Darüber hinaus wurde die ehemalige Mitarbeiterin zum Schadensersatz verpflichtet.
Rechtsweg
Nachdem sämtliche außergerichtliche Bemühungen des Klägers gescheitert waren, klagte dieser vor der Wettbewerbskammer des Landgericht Oldenburg, nicht nur gegen die Mitarbeiterin, sondern auch gegen den Wettbewerber und deren Geschäftsführer. Die Klage gegen die Ex-Miarbeiterin wurde abgetrennt und an das Arbeitsgericht verwiesen, während der Rechtsstreit gegen den Wettbewerber und dessen Geschäftsführer weiterhin beim Landgericht anhängig ist.

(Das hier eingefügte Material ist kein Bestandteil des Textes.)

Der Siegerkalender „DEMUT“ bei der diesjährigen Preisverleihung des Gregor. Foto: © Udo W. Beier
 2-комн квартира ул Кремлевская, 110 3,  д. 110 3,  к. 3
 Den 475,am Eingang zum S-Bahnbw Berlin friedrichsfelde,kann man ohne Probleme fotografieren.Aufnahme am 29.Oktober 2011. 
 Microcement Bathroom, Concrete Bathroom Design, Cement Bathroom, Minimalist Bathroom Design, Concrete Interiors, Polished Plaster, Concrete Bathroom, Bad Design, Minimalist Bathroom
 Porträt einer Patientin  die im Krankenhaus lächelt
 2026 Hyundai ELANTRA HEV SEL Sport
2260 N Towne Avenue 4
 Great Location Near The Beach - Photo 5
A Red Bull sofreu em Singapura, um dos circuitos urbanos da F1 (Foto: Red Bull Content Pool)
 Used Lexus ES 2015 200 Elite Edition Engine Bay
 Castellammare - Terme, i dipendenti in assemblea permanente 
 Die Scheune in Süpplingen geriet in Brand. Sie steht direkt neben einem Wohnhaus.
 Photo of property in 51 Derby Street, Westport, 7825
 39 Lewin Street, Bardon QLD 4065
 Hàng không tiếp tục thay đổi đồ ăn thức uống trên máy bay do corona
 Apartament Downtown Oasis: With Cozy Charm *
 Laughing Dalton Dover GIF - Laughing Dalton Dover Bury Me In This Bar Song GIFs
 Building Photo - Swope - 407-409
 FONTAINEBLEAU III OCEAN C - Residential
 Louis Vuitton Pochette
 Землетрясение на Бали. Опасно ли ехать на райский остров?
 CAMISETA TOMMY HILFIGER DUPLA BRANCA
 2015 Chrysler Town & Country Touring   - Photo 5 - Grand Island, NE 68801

Datenwert und wirtschaftliche Bedeutung
Ein international tätiger, auf die Ermittlung von Datenwerten spezialisierter Datenökonomen, hat den Wert der Daten und der zerstörten Kundenbeziehungen vorläufig mit einem Wert von etwa 365.000 Euro beziffert. Wertbestimmend war unter anderem, dass der Kläger über eine Datenstrategie, eine entsprechende Datenstruktur und klare Verfügungsrechte nachweisen konnte. Die endgültige Bewertung hängt jedoch von der abschließenden Klärung der Datenlage ab.
Der geschädigte Energietarifhändler macht gegenüber allen Prozessgegnern gesamt-schuldnerisch auch die Kosten für die datenforensischen Ermittlungen, Zinsen, etc. geltend, insgesamt über 450.000 €; bei 88 betroffenen Kunden im Durchschnitt etwa 5.000 € je Kundendatensatz.
Der Fall verdeutlicht die hohe wirtschaftliche Bedeutung von Daten als Grundlage von Kundenbeziehungen auf der Grundlage einer Datenstrategie nebst Datensicherheit.
Strafrechtliche Relevanz
Der Diebstahl und die unberechtigte Nutzung von Daten, seien sie personenbezogen oder nicht, erfüllen Tatbestände des Datenstrafrechts, insbesondere §§ 202a (Ausspähen von Daten), 202c (Vorbereiten des Ausspähens) und 202d StGB (Datenhehlerei). Sowohl die ehemalige Mitarbeiterin als auch die Geschäftsführer des Wettbewerbers müssen neben den Auskunft- und Unterlassungs- und Schadensersatzpflichten noch mit einem strafrechtlichen Verfahren rechnen.
Relevanz für Unternehmen und Rechtsprechung
Der Fall hat das Potenzial, über die Region hinaus auszustrahlen. Das Urteil zeigt auch, dass das Arbeitsgericht Oldenburg ein Verständnis für die Bedeutung von Daten im Wettbewerb besitzt und konsequent gegen unrechtmäßige Datennutzung vorgeht. Zugleich verdeutlicht er die wirtschaftliche Bedeutung dieser Daten – und wie wichtig eine klare Datenstrategie für Unternehmen ist.